__About this task__:
Repeat the full listing exactly.

────────

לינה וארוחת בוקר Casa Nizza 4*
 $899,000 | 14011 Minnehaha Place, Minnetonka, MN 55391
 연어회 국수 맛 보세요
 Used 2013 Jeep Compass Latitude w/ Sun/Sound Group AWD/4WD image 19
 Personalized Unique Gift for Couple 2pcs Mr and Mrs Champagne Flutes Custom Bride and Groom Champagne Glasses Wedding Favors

────────

__Solution for this problem__:
לינה וארוחת בוקר Casa Nizza 4*
 $899,000 | 14011 Minnehaha Place, Minnetonka, MN 55391
 연어회 국수 맛 보세요
 Used 2013 Jeep Compass Latitude w/ Sun/Sound Group AWD/4WD image 19
 Personalized Unique Gift for Couple 2pcs Mr and Mrs Champagne Flutes Custom Bride and Groom Champagne Glasses Wedding Favors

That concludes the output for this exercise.